Let's start with some examples of religious apostasy that I've previously cited in this here blog. We'll begin with Harold Camping:

(quoting) According to the broadcaster, all churches -- Baptist, Catholic, Methodist, Pentecostal, you name it -- have been taken over by Satan. "Certainly something strange is happening," begins Camping's manifesto, Has the Era of the Church Age Come to an End? "On the one hand we see churches everywhere becoming more and more apostate. Yet on the other hand we see a ministry like Family Radio becoming more and more useful to the Lord in sending the true Gospel into the world."

And

(quoting) Harold Camping may not be the Watchtower Tract and Bible Society, but he builds on the same wrongheaded interpretations of Scripture, the same date-setting, the same recalculations, the same accusations of universal apostasy, and the same claim to be the last true channel of God's Word. Despite the differences, both are heretical and schismatic, tearing apart Christ's church.

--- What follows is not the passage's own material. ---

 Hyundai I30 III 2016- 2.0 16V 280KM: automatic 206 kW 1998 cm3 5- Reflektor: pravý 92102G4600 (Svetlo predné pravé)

In a later post, I noted that True Discernment itself has used the term:

I have to say that even with all the apostasy that is going on in Evangelical Christianity today, I am still stunned at the mass abandonment of those who call themselves Christians from even basic Christian values in this upcoming Presidential Election. The seeming scramble by those who call themselves Christian leaders to endorse those who openly deny the very basics of Christian teaching is just staggering.

Shifting to Islam, I again addressed apostasy in my Paul McCartney post, when I quoted from the 2004 fatwa issued by Sheikh Omar Bakri Muhammad.

Nobody can argue about the animosity of the disbelievers towards the believers, and their plot against them, except the ignorant i.e. those whose opinions are meaningless. However, what is surprising is to see Muslims going astray having been misled by those who are impressed with the disbelievers and their plots, and surely nobody is impressed by the disbelievers but the ignorant.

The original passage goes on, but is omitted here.